[Records from a dataset]
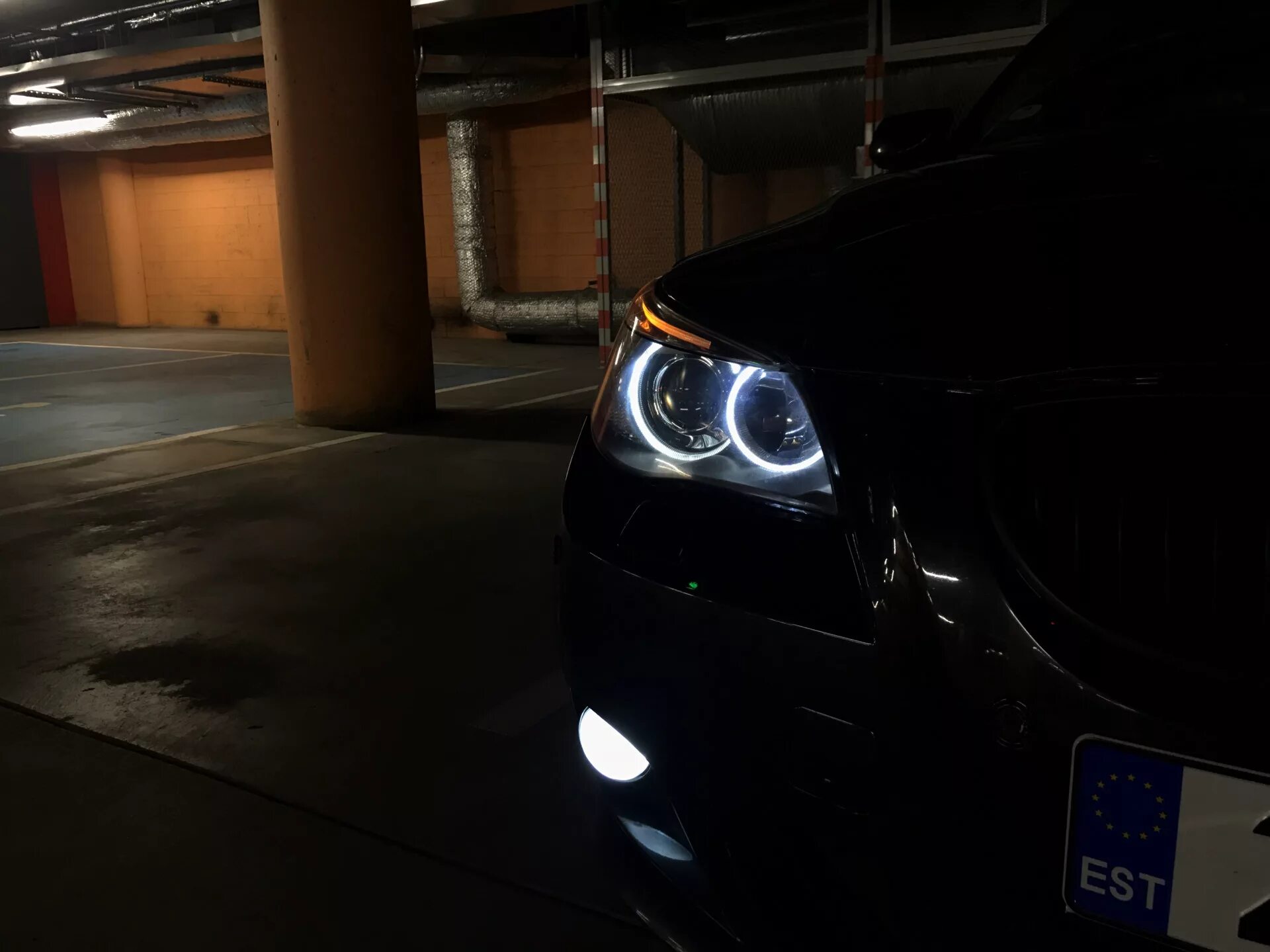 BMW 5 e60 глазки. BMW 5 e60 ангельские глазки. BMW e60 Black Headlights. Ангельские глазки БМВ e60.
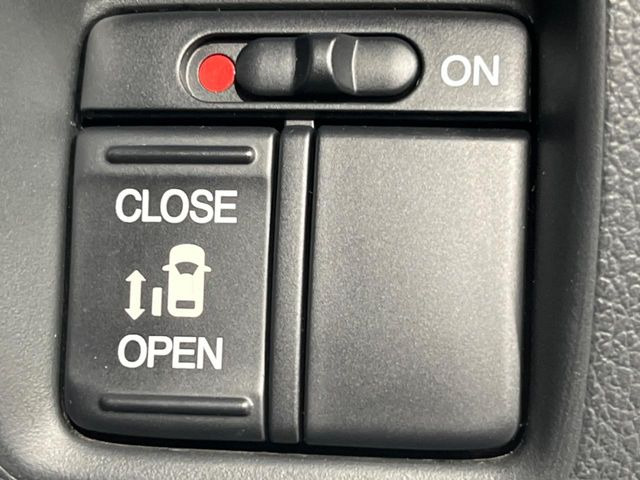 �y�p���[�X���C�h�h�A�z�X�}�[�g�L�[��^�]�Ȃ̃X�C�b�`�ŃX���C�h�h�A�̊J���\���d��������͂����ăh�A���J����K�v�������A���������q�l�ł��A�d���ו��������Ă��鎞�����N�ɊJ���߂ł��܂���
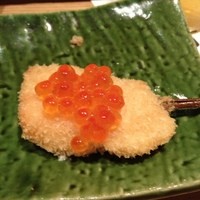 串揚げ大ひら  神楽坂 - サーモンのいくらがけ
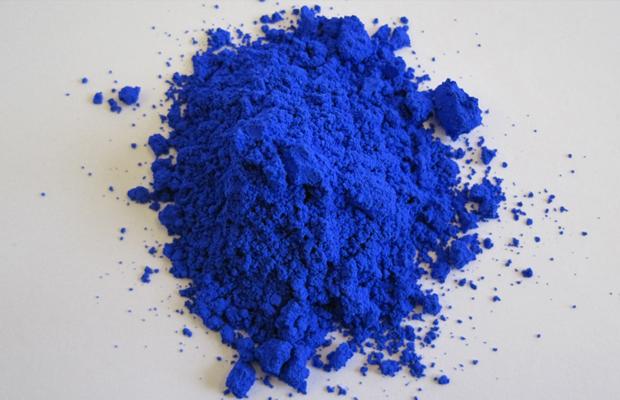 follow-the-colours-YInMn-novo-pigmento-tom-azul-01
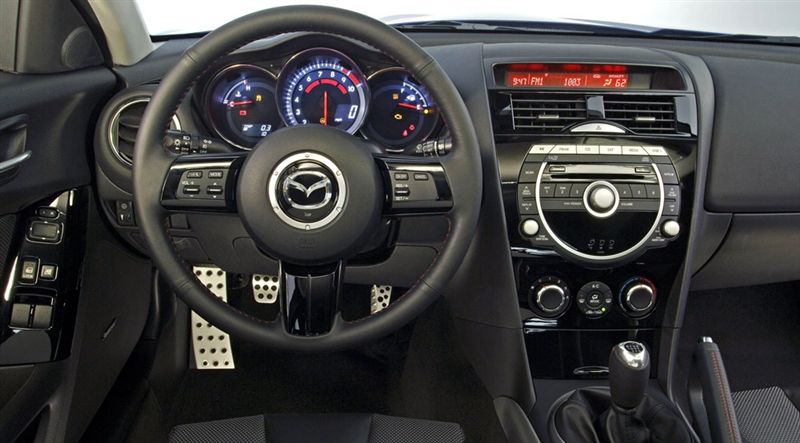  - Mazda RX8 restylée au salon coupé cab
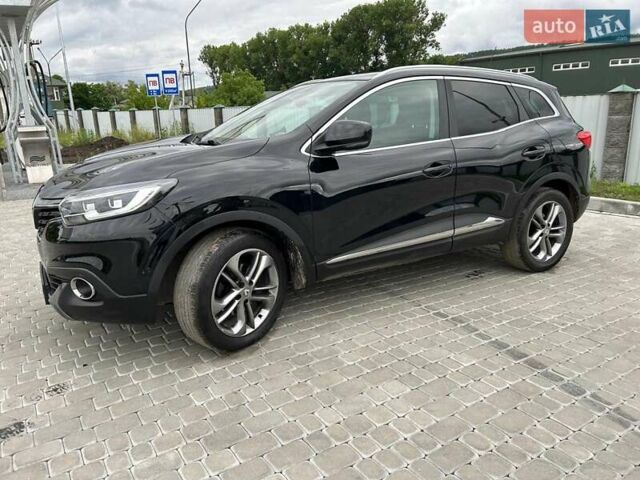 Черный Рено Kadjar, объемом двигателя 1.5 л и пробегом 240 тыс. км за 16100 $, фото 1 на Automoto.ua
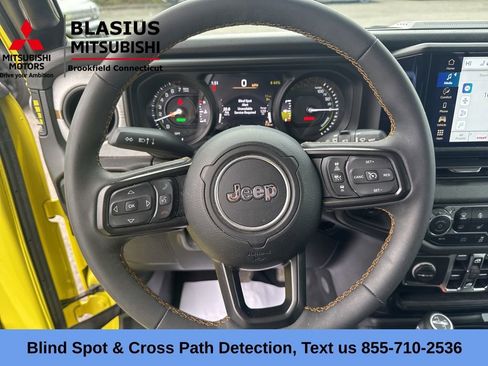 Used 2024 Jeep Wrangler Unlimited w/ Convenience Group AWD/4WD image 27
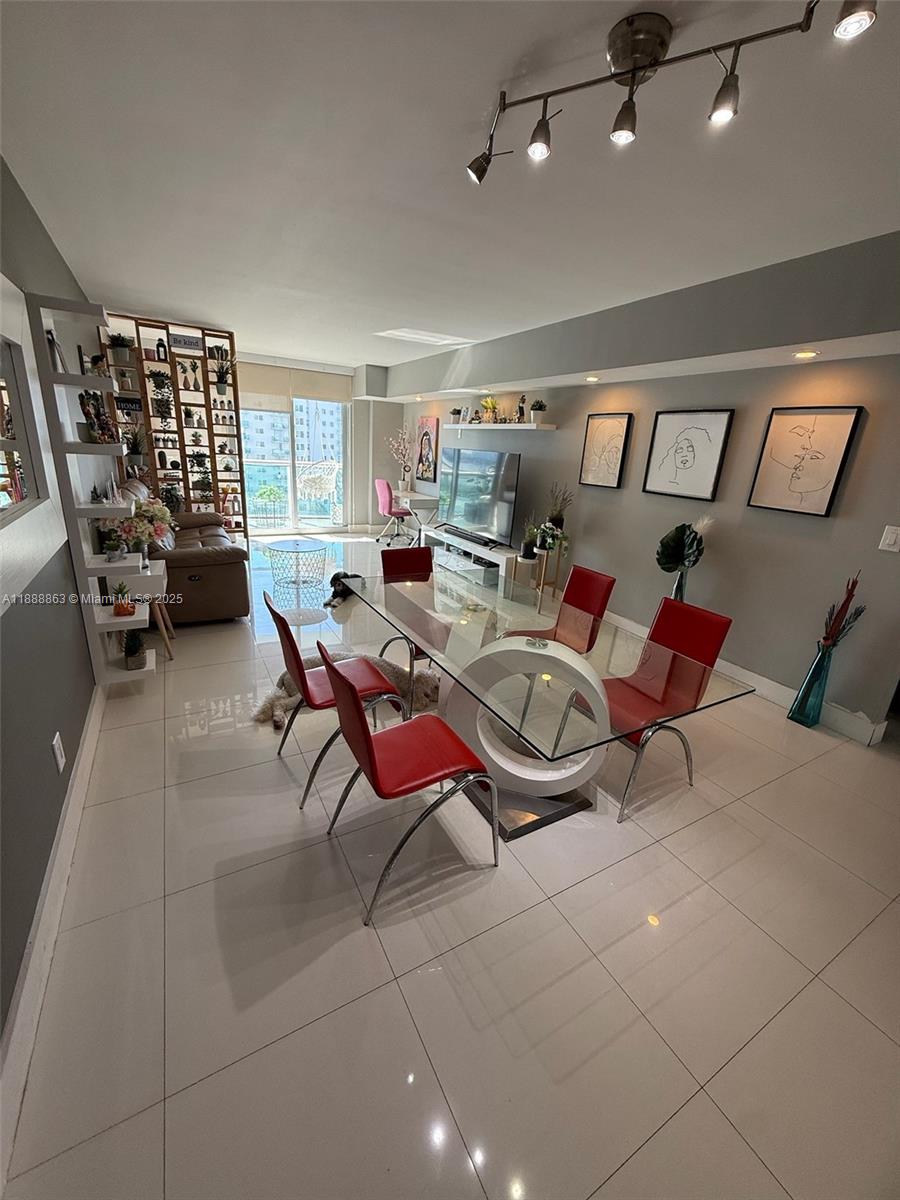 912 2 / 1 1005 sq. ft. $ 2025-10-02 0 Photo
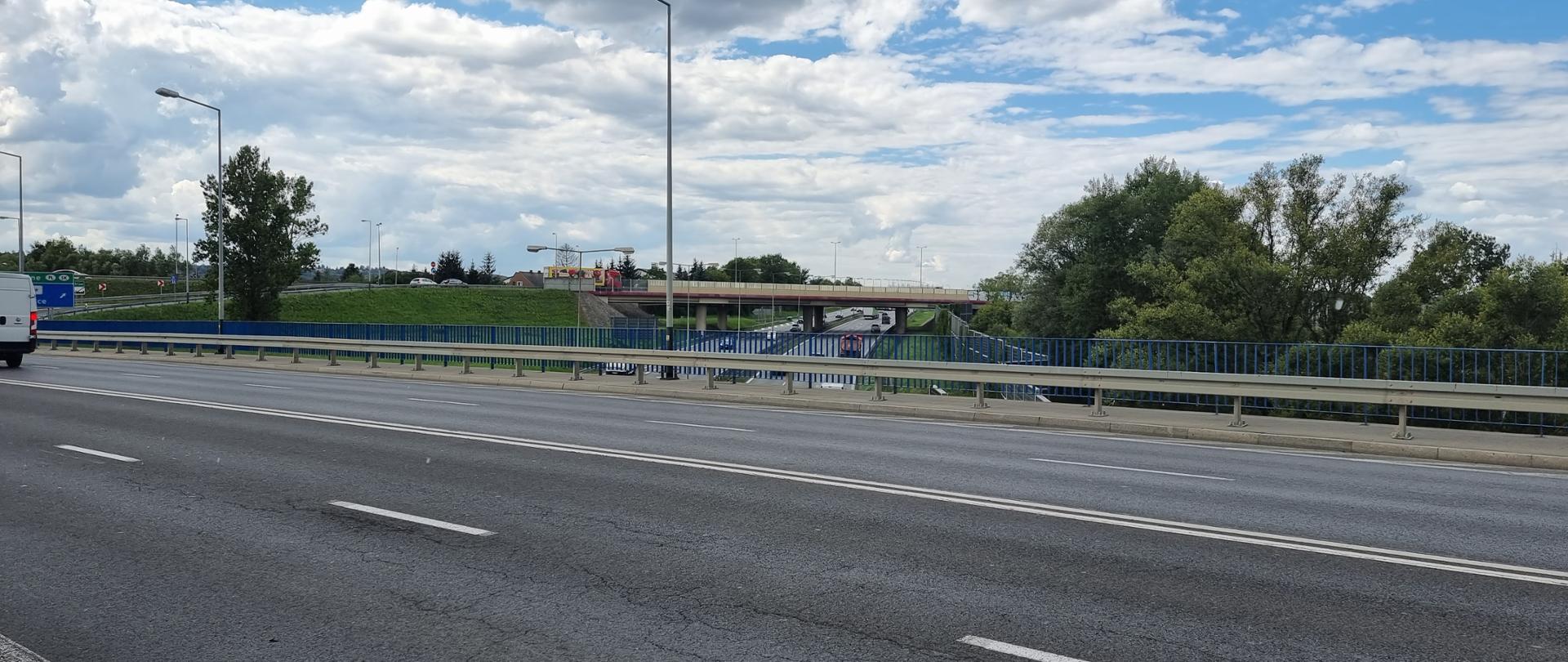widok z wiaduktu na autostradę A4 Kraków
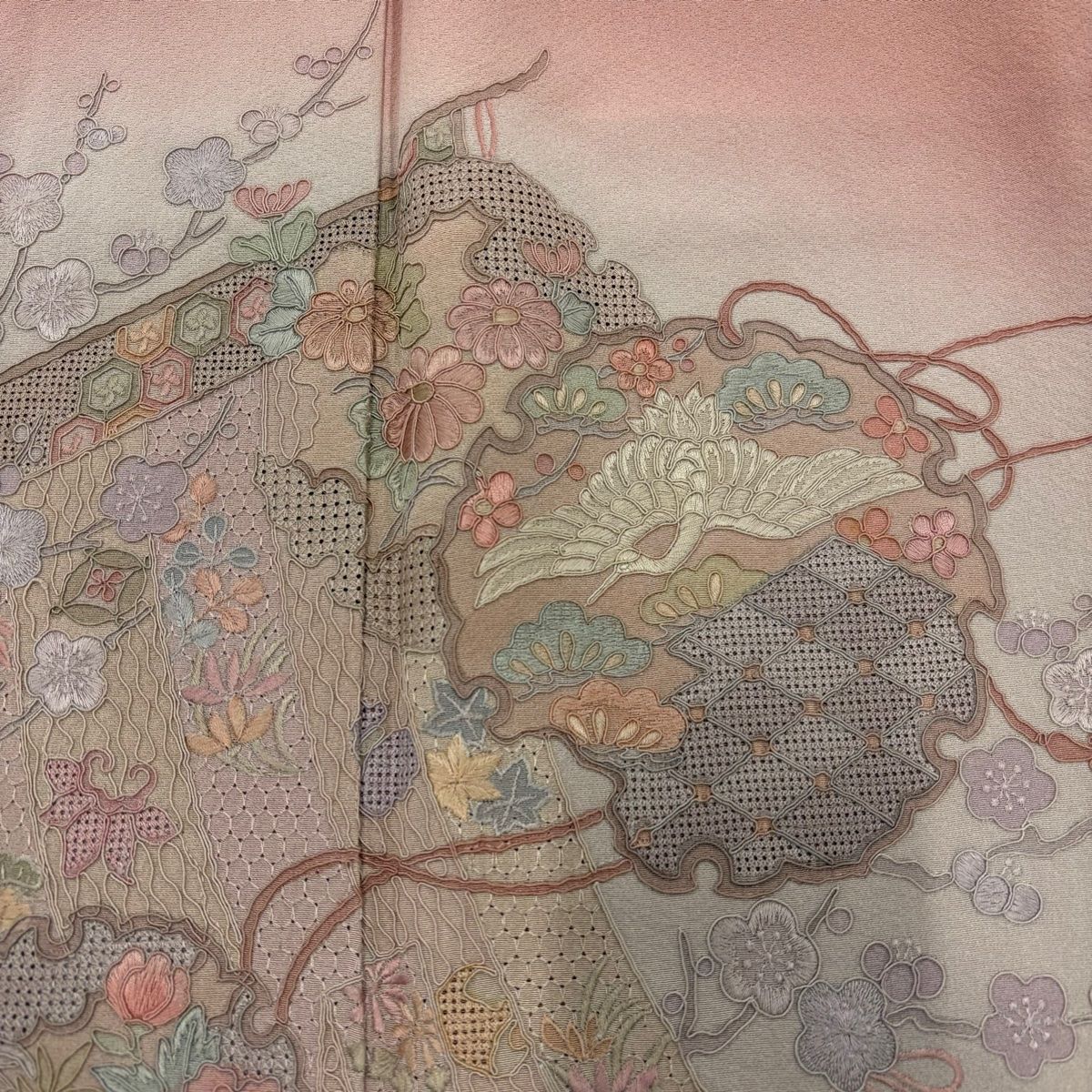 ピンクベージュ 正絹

#### Problem details
Your copy should consist only of the lines from the one containing "Черный Рено Kadjar, объемом" through the last line of the entries above, reproduced exactly, without pictures.

#### Solution for this exercise
 Черный Рено Kadjar, объемом двигателя 1.5 л и пробегом 240 тыс. км за 16100 $, фото 1 на Automoto.ua
 Used 2024 Jeep Wrangler Unlimited w/ Convenience Group AWD/4WD image 27
 912 2 / 1 1005 sq. ft. $ 2025-10-02 0 Photo
widok z wiaduktu na autostradę A4 Kraków
 ピンクベージュ 正絹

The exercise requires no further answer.